In 1996, the Academy of American Poets first created National Poetry Month in order to recognize the accomplishments of poets and encourage widespread engagement with poetry. The organization now calls the month “the largest literary celebration in the world.”
Renee Soto, an associate professor of creative writing, has helped to coordinate RWU’s Poetry Month festivities each year, often collaborating with various other departments and organizations on campus such as Multicultural Student Union; the Department of Modern Languages, Philosophy, and Classics; Feinstein College of Arts and Sciences (FCAS); and the Poetry Slam.
As a professor, Soto finds that class visits with poets are particularly enriching experiences for students, calling these interactions “key components” of RWU’s National Poetry Month programming.
“Students often remark about how ‘normal’ and ‘everyday’ our visiting poets are,” Soto said. “It seems to be a sort of ‘news’ to them.”

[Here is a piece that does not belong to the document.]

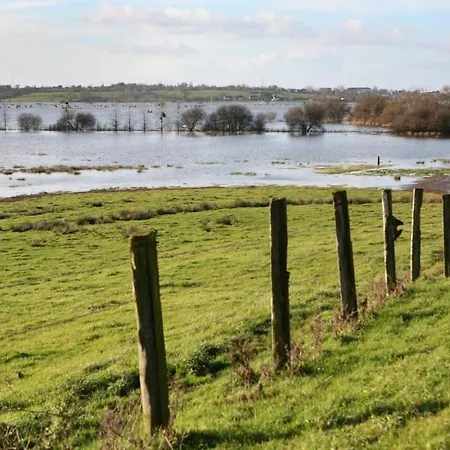 8883 In Strandnaehe By Interhome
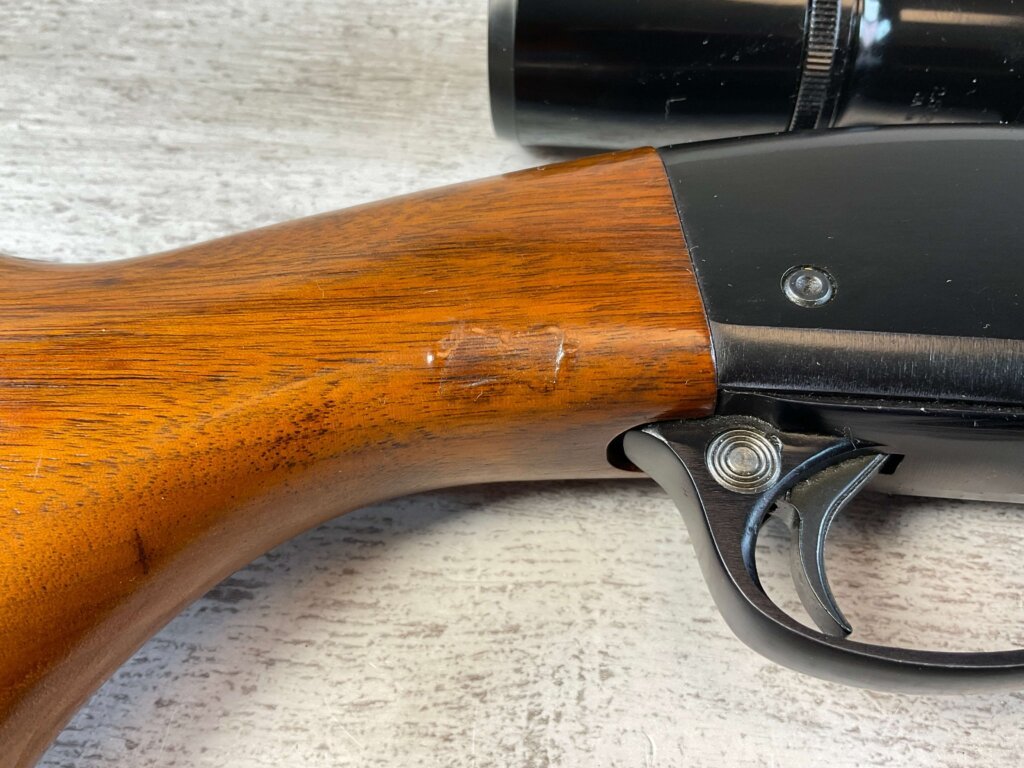 REMINGTON 552 SPEEDMASTER .22LR SEMI AUTO RIFLE #6-04105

Prior to the official start of National Poetry Month, poet Julie Funderburk kicked off the celebration with a reading and book signing session on March 30.
Upcoming Poetry Month events will include the Poetry Slam on April 6, a reading and signing with poet Rosalynde Vas Dias on April 10, and presentations from the Class of 2017 BFA candidates on April 25.
In addition to double majoring in creative writing and communications, sophomore Marissa Peloso works as a FIT intern for RWU’s Department of English and Creative Writing, where she is involved in coordinating the Poetry Month events.
“National Poetry Month fosters creativity in all of us when we attend one of the events,” Peloso said. “Students at RWU don’t have to be poets in order to attend a poetry reading or the Poetry Slam, because anyone can relate to the topics or issues being talked about in the form of poetry.”
Nicole Andreson, a sophomore and fellow FIT intern for the Department of English and Creative Writing, will also work behind the scenes for National Poetry Month in addition to participating in the Poetry Slam.
Overall, Andreson views Poetry Month as an opportunity for all students to see the world in a new perspective.
“It’s good to broaden your horizons and see what poets have to say about things, because they likely see things in a way you yourself might not have considered,” Andreson said.
She continued, “I also think that students should be writing their own poetry, if they have ever been interested. It can be very cathartic to get your words on a page, and it can be very rewarding to get to share those words with your peers.”